The result is promising, capturing both dark and light portions of the greenery at the bottom of the image as well as the side. Unfortunately, as a side effect it also took a bit of the chair handle's green too.

Greenery with KMeans

Now let's see what happens when we implement KMeans. The disadvantage of KMeans is that it will not guarantee clusters that isolate your desired element. But let's see what happens. The following is a KMeans implementation using only k=2 or two clusters in our image.

                                
from sklearn.cluster import KMeans
np.random.seed(1)

x, y, z = rgba2rgb(jj).shape
jj_2d = rgba2rgb(jj).reshape(x*y, z)
jj_2d.shape

n = 2
kmeans_cluster = KMeans(n_clusters=n)
kmeans_cluster.fit(jj_2d)
cluster_labels = kmeans_cluster.labels_

plt.figure(figsize = (15,8))
plt.imshow(cluster_labels.reshape(x, y), cmap='coolwarm')
plt.colorbar()
plt.show()

fig, ax = plt.subplots(1, n, dpi=200, figsize=(12, 4))

for i in range(n):
    mask = cluster_labels.reshape(x, y) == i
    red = jj[:,:,0]*mask
    green = jj[:,:,1]*mask
    blue = jj[:,:,2]*mask
    masked = np.dstack((red,green,blue))
    ax[i].imshow(masked)
    ax[i].set_title(f'Cluster {i+1}')
plt.show()

KMeans was unable to isolate the greenery, but it was able to isolate the light peaking out the opening of the dim room. This is most likely because it is the highest contrast area compared to the rest of the dark image.

Let's see what happens when we set k=3.

                                
n = 3
kmeans_cluster = KMeans(n_clusters=n)
kmeans_cluster.fit(jj_2d)
cluster_labels = kmeans_cluster.labels_

plt.figure(figsize = (15,8))
plt.imshow(cluster_labels.reshape(x, y), cmap='coolwarm')
plt.colorbar()
plt.show()

fig, ax = plt.subplots(1, n, dpi=200, figsize=(12, 4))

for i in range(n):
    mask = cluster_labels.reshape(x, y) == i
    red = jj[:,:,0]*mask
    green = jj[:,:,1]*mask
    blue = jj[:,:,2]*mask
    masked = np.dstack((red,green,blue))
    ax[i].imshow(masked)
    ax[i].set_title(f'Cluster {i+1}')
plt.show()

Still not quite what we were looking for. This time, it separates the red parts of the woman's shirt from the rest of the image. The green is spread across cluster 1 and cluster 3. Unfortunately, green failed to be isolated using KMeans in this scenario.

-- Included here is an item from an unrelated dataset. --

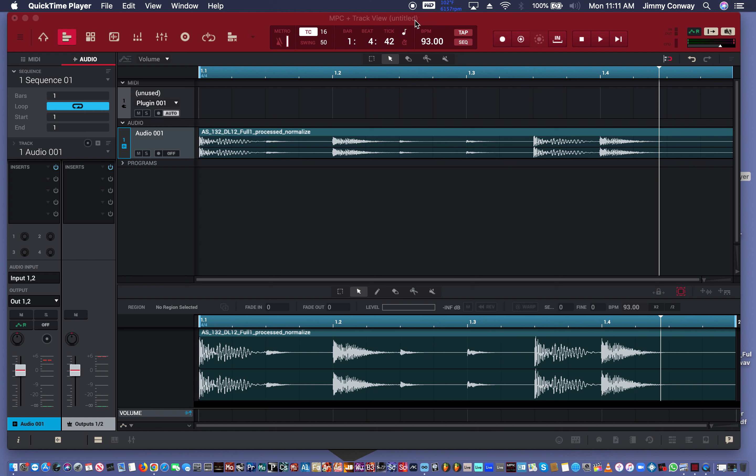What's good fam, this is your man Jimmy Conway, beatsforlyricists.com music production tips. In this video I'm going to show you how to chop a breakbeat inside the MPC software so that you can have your separate chops on different tracks, like your kick, your snare, your hi-hat, all of this will be on separate tracks.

SESSION 11-12 👋 Watch the Hands

This section focuses on Enhancement Extraction Recognition Image Processing Techniques (Again).

💯 MAIN TAKEAWAYS

Chromaticity segmentation is a more versatile color-based segmentation strategy. Unlike color image segmentation, chromaticity segmentation allows for parametric and non-parametric segmentations in a graphable spatial representation, instead od just thresholds.
Image Differencing can be used for more complex tasks, like video processing. Image differencing is a simple but effective method that isolates movement between frames.
Image differencing works best when differencing between grayscaled images. Color is less consistent betweenn frames due to lighting conditions and therefore will mess with true movement differences. In tasks where color is essential, image differencing is not the best processing tool.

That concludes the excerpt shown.